Say the name Roland Gumpert and many will think back to the Apollo, a hardcore road-legal racer that, back in 2009, claimed the new production lap record at the Nürburgring. But much has changed since then.
Roland himself is an industry veteran who went from running Audi’s rally programme in the 1980s to becoming the overall director of Audi Sport. in the mid-2000s, he left to found his own brand. Several years of success gradually turned to hard times, leading to the company going under in 2014 and then, under new ownership, part ways with Gumpert himself altogether in 2016.
Not long after that, Gumpert got together with another former Volkswagen Group employee, Fu Qiang, with whom he’d worked closely during his time on Audi’s Chinese joint venture board in the 1990s. Fu, now president of newly formed Chinese mobility and technology start-up Aiways, asked Gumpert to join the company as chief product officer. His first job was to produce an electric ‘super-sports’ car, to be produced for road use in small numbers but also able to meet FIA racing regulations.
A year and a half later, we’re at the Nürburgring looking at a working prototype of that very car. As development times go in this business, that’s pretty short. And it’s particularly impressive given the technology underneath.

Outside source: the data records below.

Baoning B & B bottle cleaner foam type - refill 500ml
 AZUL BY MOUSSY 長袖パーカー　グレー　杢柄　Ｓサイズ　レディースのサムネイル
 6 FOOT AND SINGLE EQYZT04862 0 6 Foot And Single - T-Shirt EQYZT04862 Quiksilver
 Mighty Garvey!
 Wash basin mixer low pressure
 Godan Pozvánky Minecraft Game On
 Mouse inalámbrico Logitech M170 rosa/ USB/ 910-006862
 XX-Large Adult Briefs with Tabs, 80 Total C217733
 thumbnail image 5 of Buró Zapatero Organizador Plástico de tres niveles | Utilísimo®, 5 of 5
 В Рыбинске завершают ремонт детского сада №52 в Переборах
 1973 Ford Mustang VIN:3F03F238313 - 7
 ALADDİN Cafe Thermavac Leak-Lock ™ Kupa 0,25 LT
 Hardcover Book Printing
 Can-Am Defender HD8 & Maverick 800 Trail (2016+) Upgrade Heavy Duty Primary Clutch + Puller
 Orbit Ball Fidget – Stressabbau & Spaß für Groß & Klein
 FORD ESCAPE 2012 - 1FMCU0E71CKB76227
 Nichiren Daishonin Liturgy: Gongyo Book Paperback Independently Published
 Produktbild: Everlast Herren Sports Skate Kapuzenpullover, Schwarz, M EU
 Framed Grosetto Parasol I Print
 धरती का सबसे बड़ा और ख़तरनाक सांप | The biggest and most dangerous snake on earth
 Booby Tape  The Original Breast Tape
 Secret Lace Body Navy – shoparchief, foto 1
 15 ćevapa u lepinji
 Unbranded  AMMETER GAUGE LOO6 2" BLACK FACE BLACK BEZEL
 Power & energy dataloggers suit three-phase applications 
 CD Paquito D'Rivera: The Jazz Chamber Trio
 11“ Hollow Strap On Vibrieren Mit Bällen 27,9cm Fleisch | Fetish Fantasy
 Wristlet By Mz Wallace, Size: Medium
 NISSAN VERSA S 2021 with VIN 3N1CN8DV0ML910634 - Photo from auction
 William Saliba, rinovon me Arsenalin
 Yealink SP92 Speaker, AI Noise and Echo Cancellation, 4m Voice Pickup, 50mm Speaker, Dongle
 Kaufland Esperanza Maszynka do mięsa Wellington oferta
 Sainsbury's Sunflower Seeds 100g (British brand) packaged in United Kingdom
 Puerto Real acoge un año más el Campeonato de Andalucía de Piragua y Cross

The RG Nathalie, named after Gumpert’s daughter, joins the ever-swelling ranks of electric supercars from Chinese start-ups. Aiways perhaps stretches the definition of a start-up, with more than £1.3bn of starting capital, but, as is usually the case, its ambitions are strong. It’s already built a factory in China with the capacity to produce 150,000 cars a year, and development of the RG Nathalie was done alongside its first mass-market offering: the U5 Ion electric SUV.
RG Nathalie: the technical details
The RG Nathalie is more relevant than some other electric supercars from the Far East, not least because Aiways plans on building several hundred, rather than a handful, with a price of around €400,000 targeted. But also because of its clever powertrain.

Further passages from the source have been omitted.